He said there are 80 acres of arrowroot being planted in the country, namely in North Windward, North Central Windward, South Windward, and Marriaqua.

Caesar said that the Arrowroot Growers Association will be working with farmers throughout the country to ensure that they see the production of arrowroot on the Leeward side of the island, this year.

“There are several mechanisms and techniques that are in place and the Farmers Support Company will be providing credit to arrowroot farmers in the sum of $500,000,” Caesar said.

The Agriculture Minister encouraged farmers to continue with the programme of diversification, adding that the Ministry is looking at accessing markets in Asia for exports.

He said there is a demand for 80,000 pounds of arrowroot starch in the United States and the Ministry is in the early stage of exploring the packing arrowroot for medicinal purposes.

(A. Sam/API)

2 replies on “Agriculture Minister urges increased arrowroot production”

  1. Now I understand why you all didn’t stand up to present the budget. Arrowroot? I thought it was Cocoa, next we will be hearing Sugarcane. And what about the banana farmers who have cultivated bananas all their lives with more experience than most other countries anywhere in the world, are they suppose to just let all their expertise go to waste?

    And what about the infrastructure that are setup for banana, what are they going to be used for? I can go on and on, but I am an engineer not a farmer, but I can tell you one thing, you all need to get real.

    $500,000 dollars for an entire new industry? is that suppose to be some kind of joke, [ a member of the government] allegedly bought a house for one million dollars, more than twice what you all want to put into arrowroot,. Is this what SVG come to when a government worker has more money to spend than a sector SVG.

    It’s just sad, the farmers are the ones that built SVG, the farmers built it. Not the lawyers, not the Doctors, or any profession that some people believe is superior, even an engineer like myself, My profession is not as important as a farmer.
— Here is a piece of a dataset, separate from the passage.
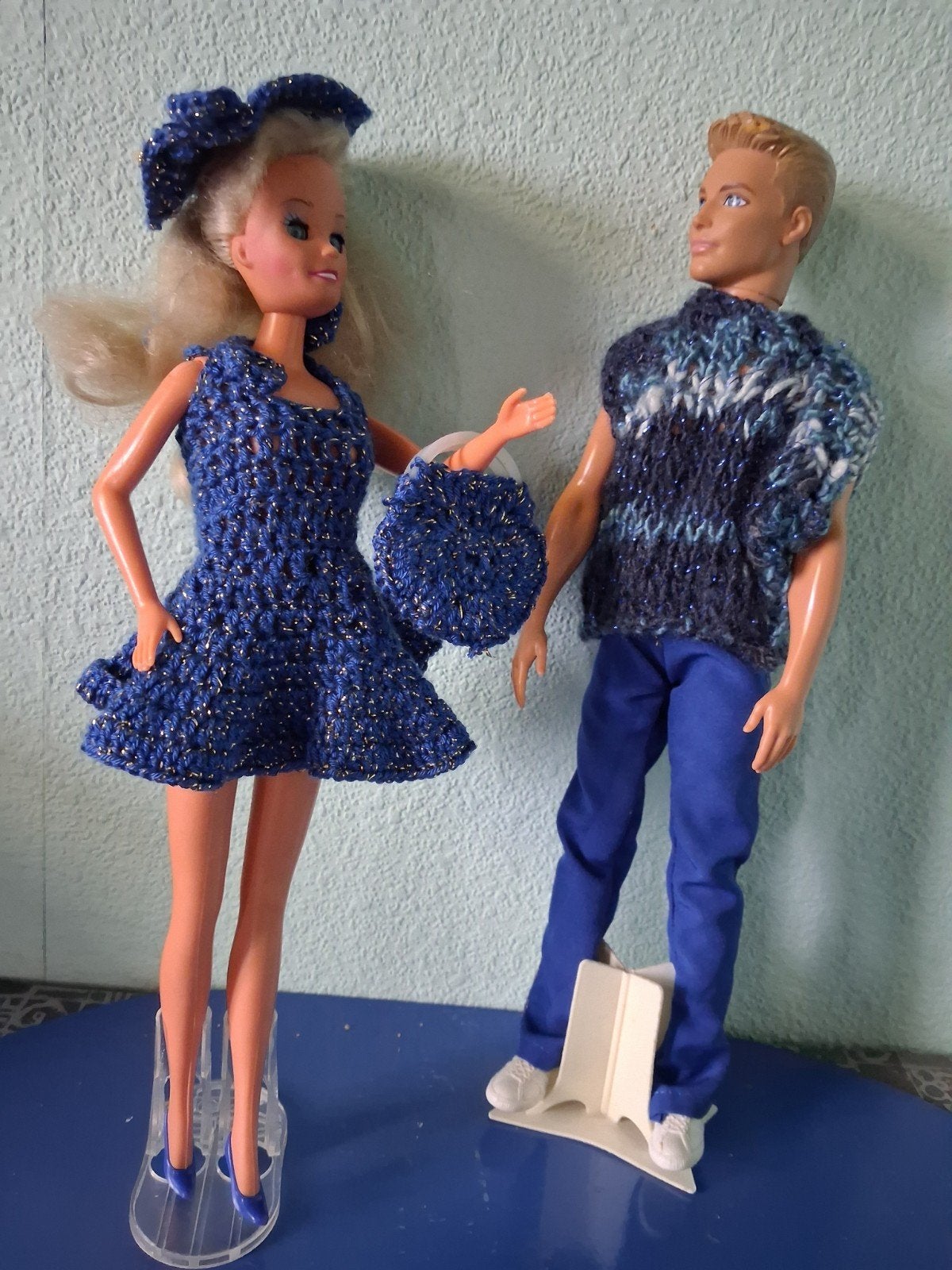 kleertjes voor Barbie en voor Ken,per setje €1.50, Kinderen en Baby's, Ophalen of Verzenden, Nieuw, Barbie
When are the farmers in SVG going to get the respect they deserve? it’s more than time, and until they get respect SVG is not going to go anywhere. And don’t even talk about tourism, that is not going to help SVG for another 10 years.It’s just sad.

  2. Kenton, I made a comment on this Agriculture situation and it magically disappeared. It’s an election year and I know the government wouldn’t want different views about there politics. But if you are trying to be impartial, like most news of class, then you should at let us know how many orders you have gotten to remove comments from this site.

    Because everyone needs to know how the media is under attack in SVG and I will stop wasting my time and posting here. I could be wrong, but i find it very suspicious that my comment was removed for no reason.

  3. Can someone speak to the farmers to determine if they are making a profit from arrowroot? It would be nice to see some figures. I will also help if all the Windward Islands combine their efforts to sell to the US and Canadian market. My only concern is harvesting and processing the product. Arrowroot was removed from the ground on the Leeward side, so it could be an uphill battle to reintroduce it. The other point to consider is that most of the low level agriculture lands on the Leeward are gone. The Buccament Valley, Layou and areas below Layou were once major arrowroot producing lands. Those lands are all gone .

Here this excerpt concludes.